The Suffragettes were generally depicted in the public media of their day as a crowd of violent harridans, and the illustration above and the two below certainly attempt to give this impression. Mind you, I'm not saying they weren't above the odd bit of violence (unlike the men?).

This history is in a glass case at the exhibition so I didn't get a chance to leaf through it. I'm sure its content is adequately reflected in the exhibition panels.

This is the verse on the cover of the pamphlet.

And this version of "the storming of the Bastille" by the knitters brigade has a certain air of spontaneity about it.

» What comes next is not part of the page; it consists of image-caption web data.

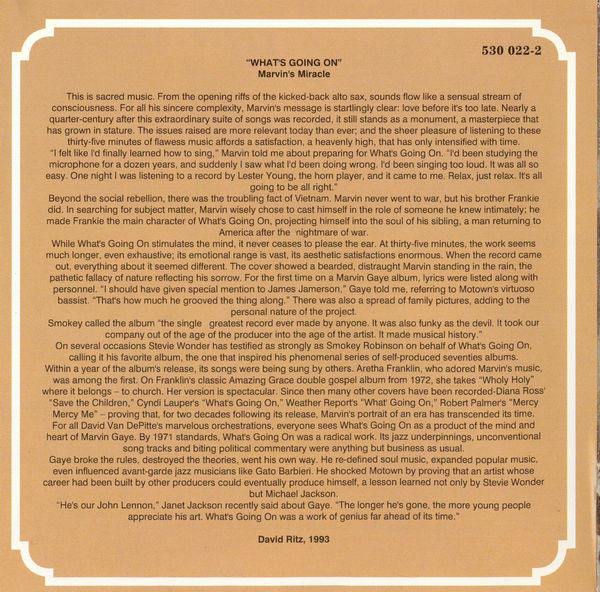 Marvin Gaye : What's Going On (CD, Album, RE)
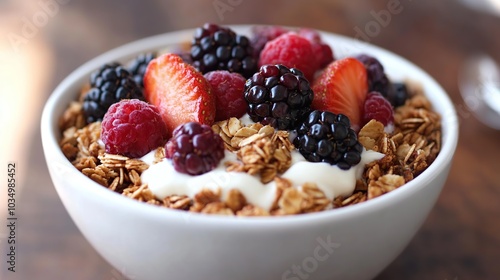 Wallpaper Mural Delicious bowl of yogurt topped with granola and a variety of fresh fruit Torontodigital.ca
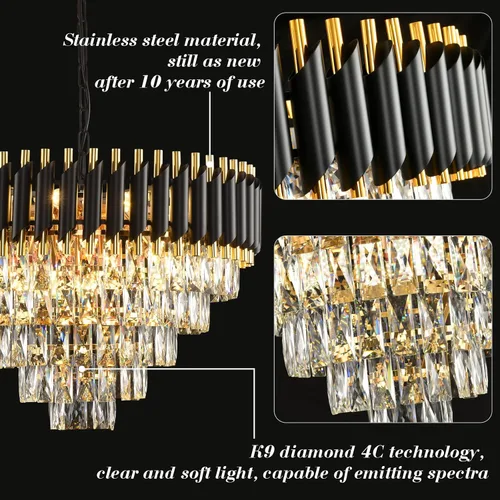 Miniatura 6 de Candelabro de cristal moderno dorado de 5 niveles para sala de estar, lámpara de araña grande de cristal negro, lámpara colgante de techo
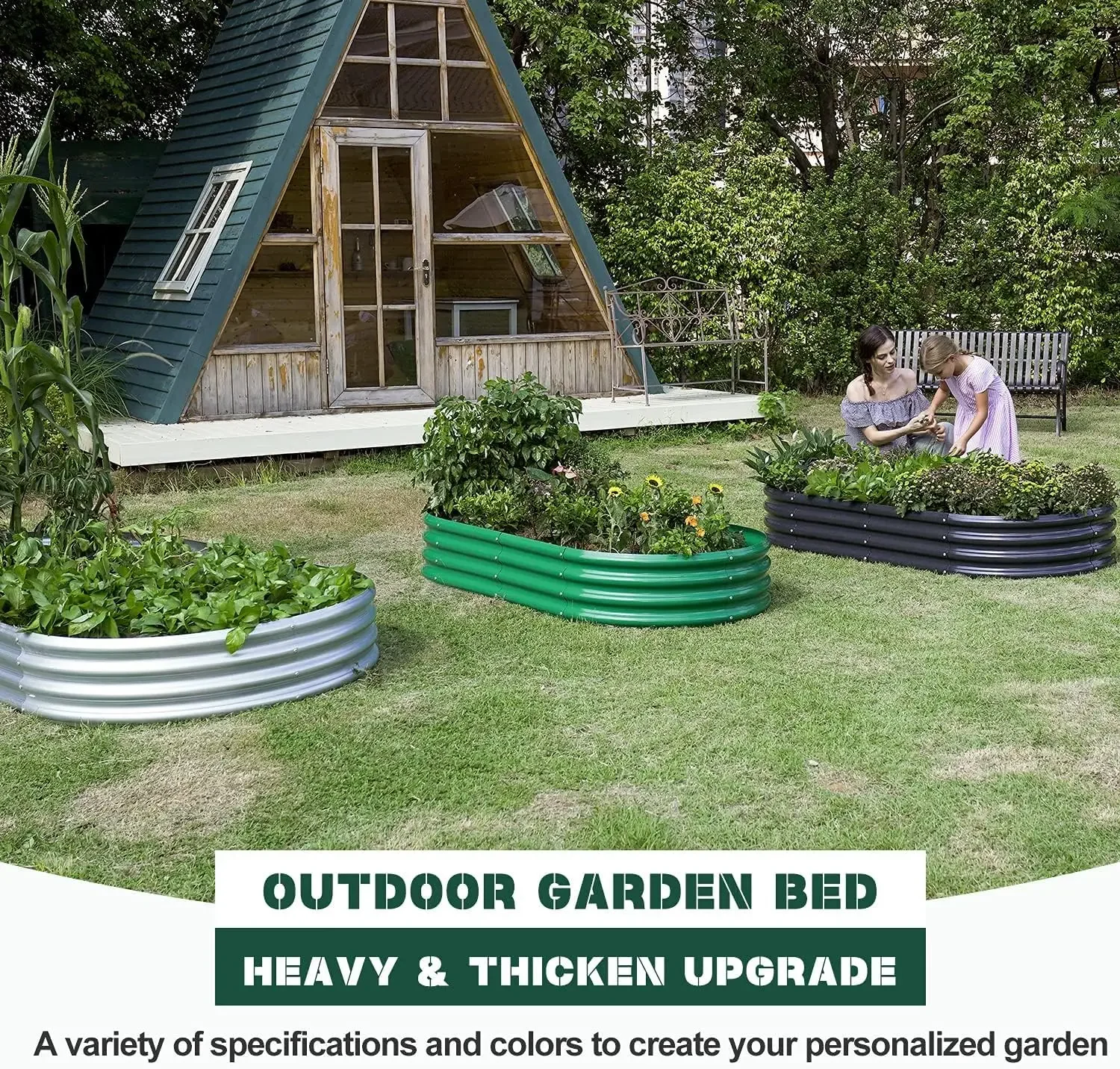 Land Guard 2Pcs Galvanized Raised Garden Bed Kit, 10×4×1ft Galvanized Planter Raised Garden Boxes Outdoor, Oval Large Metal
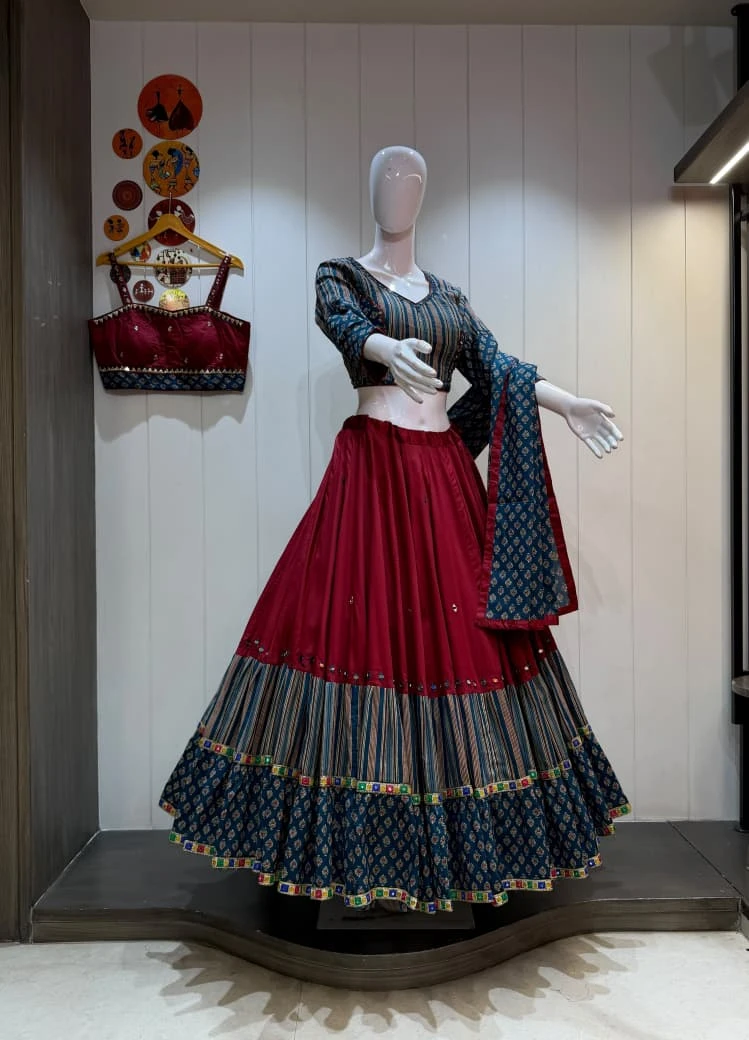Double Blouse Pure Jaam Cotton Lehenga Choli With Heavy Kalamkari Print 1
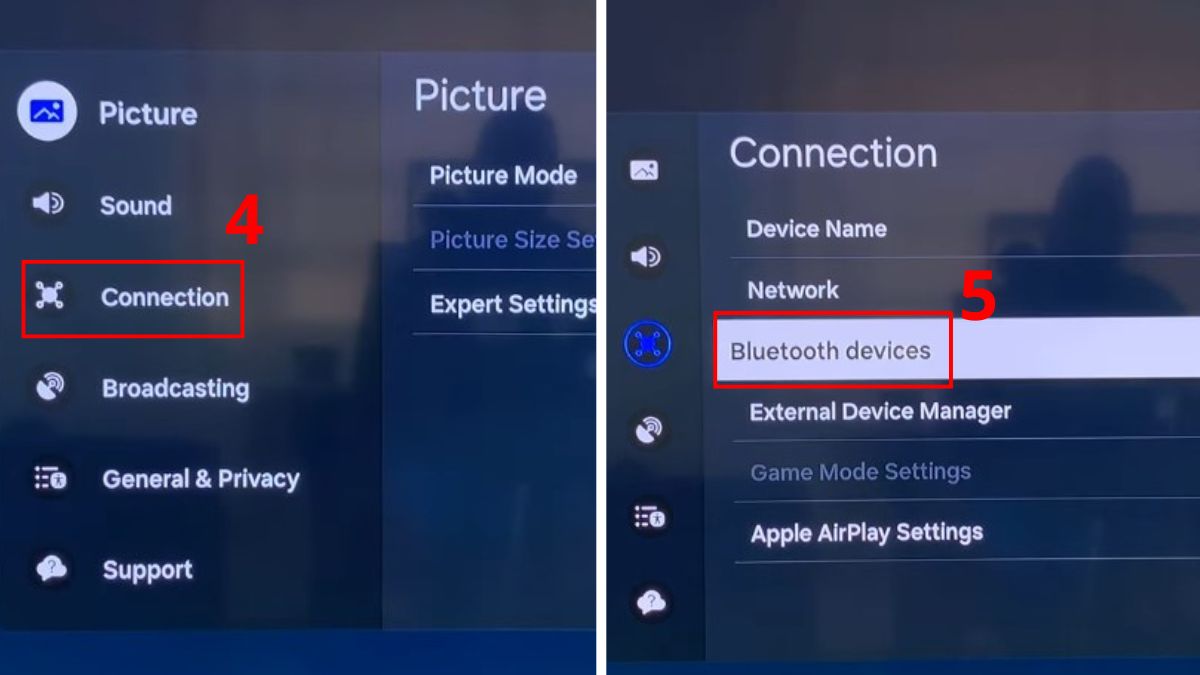 Cách ngắt kết nối Bluetooth trên tivi Samsung bước 2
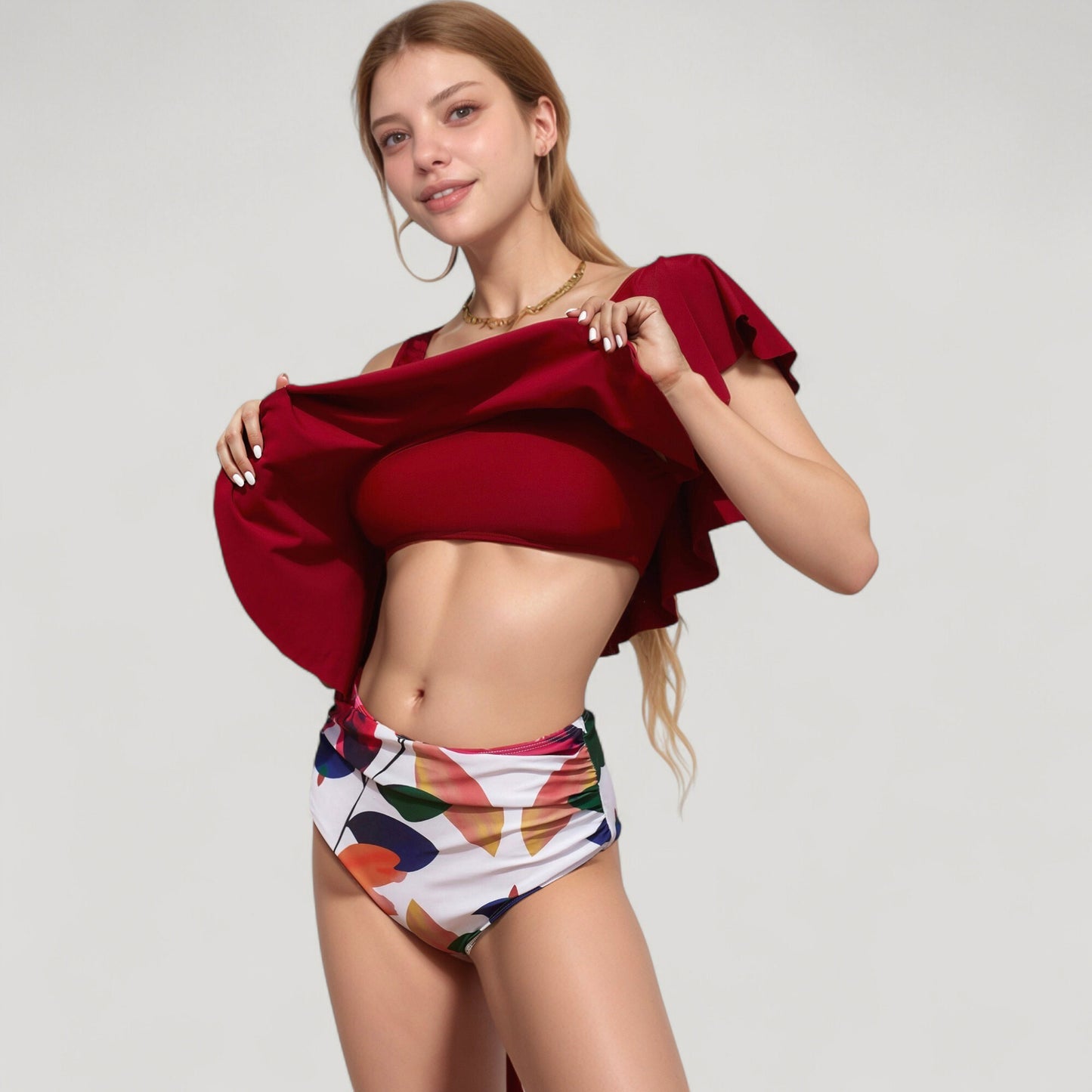 One Shoulder Ruffle Bikini Top with High Waist Abstract Print Bottom for a Bold and Flattering Swim Look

This development in 1911 when John Redmond's party in Westminster abandoned the women in favour of Home Rule really got them going. I can do no better than to quote from James and Ciaran's book here:
In January of 1911 the unpredictable nature of electoral politics left the Irish Parliamentary Party holding the balance of power in Westminister. At last, or so it seemed, Redmond's moment had come. In this particularly sharp cartoon Fitz plays on a famous advertisement for Sunlight Soap drawing the Liberal Prime Minister Asquith as a traffic policeman holding back two great forces in British Politics, the House of Lords and the Women's Suffrage campaign, to allow a delightfully prim John Redmond to carry his Home Rule parcel safely across. The label 'Soft Soap' on both the parcel and the cartoon shows that the Irish public were not fully convinced.

As a special favour to my readers I am reproducing the original ad above. This is not in the exhibition but is in the book. Gordon Brewster took similar liberties with one of his political cartoons but in that case it was Pears and not Sunlight soap.

In another of Fitz's cartoons featured in the exhibition poor Tom Kettle comes in for a hard time. Here he is, a year before the Redmond cartoon, promising the female population the vote.

I have to confess that this cartoon reminded me of Brexit, at least insofar as the twin promises of the vote for women and Home Rule proved incompatible and in making his choice Redmond opted for Home Rule first. The cartoon is based on the Gilbert and Sullivan operetta, Patience. You can see the full cartoon here.

I just couldn't resist this photo from the exhibition of Constance Markievicz as Joan of Arc. Call me cruel if you will.

This cartoon from the pen of Grace Gifford poses the question less asked, if ever. Indeed, why would men ask it. Her point i'm sure. Grace was an artist and cartoonist in her own right but she is probably better known to the public today for her marriage to Joseph Mary Plunkett in Kilmainham jail the night before his execution in May 1916.

A few small quibbles. I was not gone on the green and orange colour scheme. I thought it took from the impact of the content. There is an ongoing problem with the high large windows. They are not always suitable as a light source and they can make it difficult to view the exhibits, particularly against the light. I had some niggles on the Irish. "Sufragóir" is neither the singular nor the plural genitive, and I don't think you can use "um" when there is a sense of purpose involved. I have seen the meaning translated as "about" rather than "for" and I think that is a good guide for its use.

Small things truly. That said, this is another great exhibition in the series commemorating the Ireland of one hundred years ago. And it is a worthy contribution to ensuring that women getting the vote, albeit on a restricted basis, will not be overshadowed by either the ending of WWI or the UK General Election of 1918.